The Colorado Democratic Caucus was a closed caucus, open only to registered voters who registered as Democrats no later than December 5, 2007, with the exception of 18-year-olds or new citizens, who could register at the caucus site. The precinct chairs took presidential preference polls of all caucus attendees; these preference polls were reported to the media. After the preference poll, delegates were then selected among the attendees for each viable candidate, and supporters of nonviable groups could re-caucus into viable groups. Candidates were required to reach a 15-percent threshold for viability within each level of the selection process.
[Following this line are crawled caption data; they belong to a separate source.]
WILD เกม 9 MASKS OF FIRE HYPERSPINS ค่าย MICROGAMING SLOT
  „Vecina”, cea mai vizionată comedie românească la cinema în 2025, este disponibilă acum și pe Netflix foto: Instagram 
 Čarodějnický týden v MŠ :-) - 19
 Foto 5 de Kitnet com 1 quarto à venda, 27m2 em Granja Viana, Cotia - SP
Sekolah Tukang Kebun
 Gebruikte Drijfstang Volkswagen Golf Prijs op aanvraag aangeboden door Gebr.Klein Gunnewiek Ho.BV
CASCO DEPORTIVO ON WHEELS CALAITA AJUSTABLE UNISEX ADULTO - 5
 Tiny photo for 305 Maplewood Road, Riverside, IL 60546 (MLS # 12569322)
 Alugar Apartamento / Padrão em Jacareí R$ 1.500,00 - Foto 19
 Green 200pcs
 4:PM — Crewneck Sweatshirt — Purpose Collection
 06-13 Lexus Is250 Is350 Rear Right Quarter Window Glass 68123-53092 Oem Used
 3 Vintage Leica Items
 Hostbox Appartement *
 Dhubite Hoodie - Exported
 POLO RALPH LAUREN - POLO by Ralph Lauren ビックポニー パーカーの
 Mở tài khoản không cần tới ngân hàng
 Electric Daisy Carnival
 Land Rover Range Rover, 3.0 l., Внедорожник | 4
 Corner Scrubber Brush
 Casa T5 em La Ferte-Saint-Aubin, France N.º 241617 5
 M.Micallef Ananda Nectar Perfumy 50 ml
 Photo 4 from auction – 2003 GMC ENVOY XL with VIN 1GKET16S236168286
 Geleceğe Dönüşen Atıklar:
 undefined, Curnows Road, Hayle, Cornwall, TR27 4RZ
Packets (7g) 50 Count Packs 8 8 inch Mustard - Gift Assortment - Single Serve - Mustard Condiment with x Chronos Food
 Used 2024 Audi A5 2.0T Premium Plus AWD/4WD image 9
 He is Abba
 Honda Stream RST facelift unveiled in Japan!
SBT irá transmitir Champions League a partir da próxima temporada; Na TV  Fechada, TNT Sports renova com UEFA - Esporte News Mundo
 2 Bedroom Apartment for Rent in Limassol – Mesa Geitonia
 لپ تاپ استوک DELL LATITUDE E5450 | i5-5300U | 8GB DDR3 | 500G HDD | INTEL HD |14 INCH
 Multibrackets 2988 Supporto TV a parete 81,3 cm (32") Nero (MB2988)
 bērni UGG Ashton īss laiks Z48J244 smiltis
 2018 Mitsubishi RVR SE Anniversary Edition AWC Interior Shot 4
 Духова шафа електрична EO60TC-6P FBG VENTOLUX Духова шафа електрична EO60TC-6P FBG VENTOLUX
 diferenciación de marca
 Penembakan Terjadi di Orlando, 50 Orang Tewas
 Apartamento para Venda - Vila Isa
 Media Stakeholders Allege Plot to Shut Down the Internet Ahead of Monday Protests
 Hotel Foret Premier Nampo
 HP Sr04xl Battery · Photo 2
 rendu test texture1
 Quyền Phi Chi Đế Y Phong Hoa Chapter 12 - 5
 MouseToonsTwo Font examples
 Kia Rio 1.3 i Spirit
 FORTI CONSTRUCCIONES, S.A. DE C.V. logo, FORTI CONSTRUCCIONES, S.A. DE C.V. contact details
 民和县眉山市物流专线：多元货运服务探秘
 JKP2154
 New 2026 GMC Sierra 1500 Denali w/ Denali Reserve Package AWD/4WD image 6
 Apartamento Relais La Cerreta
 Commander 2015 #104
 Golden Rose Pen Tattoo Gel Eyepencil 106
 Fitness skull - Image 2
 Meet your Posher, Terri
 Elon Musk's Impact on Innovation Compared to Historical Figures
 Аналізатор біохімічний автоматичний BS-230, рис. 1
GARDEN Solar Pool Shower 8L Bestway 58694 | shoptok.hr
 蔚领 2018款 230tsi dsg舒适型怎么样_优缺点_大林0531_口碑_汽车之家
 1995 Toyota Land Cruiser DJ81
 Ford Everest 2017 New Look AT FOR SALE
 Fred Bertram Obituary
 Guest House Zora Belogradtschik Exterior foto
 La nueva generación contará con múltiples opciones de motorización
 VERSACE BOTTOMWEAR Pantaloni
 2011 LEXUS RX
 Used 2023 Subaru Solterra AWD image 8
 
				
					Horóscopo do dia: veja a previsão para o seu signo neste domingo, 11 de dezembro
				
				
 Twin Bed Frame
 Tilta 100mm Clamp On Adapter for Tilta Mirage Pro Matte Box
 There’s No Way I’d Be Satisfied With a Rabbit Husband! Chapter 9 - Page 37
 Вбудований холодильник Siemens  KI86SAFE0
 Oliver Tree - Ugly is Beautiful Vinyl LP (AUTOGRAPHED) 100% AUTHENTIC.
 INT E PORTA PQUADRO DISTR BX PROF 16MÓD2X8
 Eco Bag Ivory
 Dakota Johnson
Following the local caucuses, county conventions, congressional district conventions, and the state convention, on May 17, 2008, were held to finally apportion delegates to the Democratic National Convention.

==Polls==
A Denver Post poll from late January indicated that Barack Obama was leading Hillary Clinton, though polls from earlier in the year had shown Clinton with a double-digit lead.

==Results==

=== Precinct Caucus Results ===
Total Precincts: 3,205

Caucus date: February 5, 2008

2008 Colorado Democratic Presidential Caucus Results
| Party |  | Candidate | Votes | Percentage | Delegates |
|  | Democratic | Barack Obama | 80,113 | 66.53% | 35 |
|  | Democratic | Hillary Clinton | 38,839 | 32.26% | 20 |
|  | Democratic | Uncommitted | 1,260 | 1.05% | 0 |
|  | Democratic | John Edwards | 102 | 0.08% | 0 |
|  | Democratic | Dennis Kucinich | 58 | 0.05% | 0 |
|  | Democratic | Mike Gravel | 18 | 0.01% | 0 |
|  | Democratic | Bill Richardson | 17 | 0.01% | 0 |
|  | Democratic | Joe Biden | 4 | 0.00% | 0 |
|  | Democratic | Christopher Dodd | 0 | 0.00% | 0 |
| Totals |  |  | 120,971 | 100.00% | 55 |
| Voter turnout |  |  | % |  | — |

===County Assembly and Convention Results===

Assembly/Convention Dates: February 20–March 17, 2008

National pledged delegates determined: 0 (of 55)
| Key: | Withdrew prior to contest |

Colorado Democratic presidential county assemblies/conventions, 2008 99% of counties reporting
| Candidate | County delegates | Percentage | Estimated national delegates |
| Barack Obama | 6,199 | 62.65% | 36 |
| Hillary Clinton | 3,270 | 32.05% | 19 |
| Uncommitted | 426 | 4.31% | 0 |
| Totals | 9,895 | 100.00% | 55 |

===Congressional District Convention Results===

Convention Dates: May 3–16, 2008

National pledged delegates determined: 36 (of 55)
| Key: | Withdrew prior to contest |

Colorado Democratic presidential congressional district conventions, 2008 100% of districts reporting
| Candidate | District delegates | Percentage | Estimated national delegates |
| Barack Obama | 23 | 63.9% | 36 |
| Hillary Clinton | 13 | 36.1% | 19 |
| Totals | 36 | 100% | 55 |

===State Convention Results===

Convention Date: May 17, 2008

National pledged delegates determined: 19 (of 55)
| Key: | Withdrew prior to contest |

Colorado Democratic presidential state convention, 2008
| Candidate | At-Large and PLEO delegates | Percentage | National delegates |
| Barack Obama | 13 | 68.4% | 36 |
| Hillary Clinton | 6 | 31.6% | 19 |
| Totals | 19 | 100% | 55 |

==Analysis==
Barack Obama's large margin of victory in the Colorado Democratic Caucus can be traced to a number of factors. The Clinton campaign largely ignored organizing for caucuses and rather spent their time getting the vote out in bigger, more crucial states that had more delegates up for grabs. The Obama campaign took advantage of this and it ultimately paid off as caucusgoers in Colorado awarded Obama a more than two-to-one margin of victory. Obama performed extremely well statewide and won nearly every county. Clinton performed the best in Eastern Colorado where she won the more rural and conservative counties in the Eastern Slope.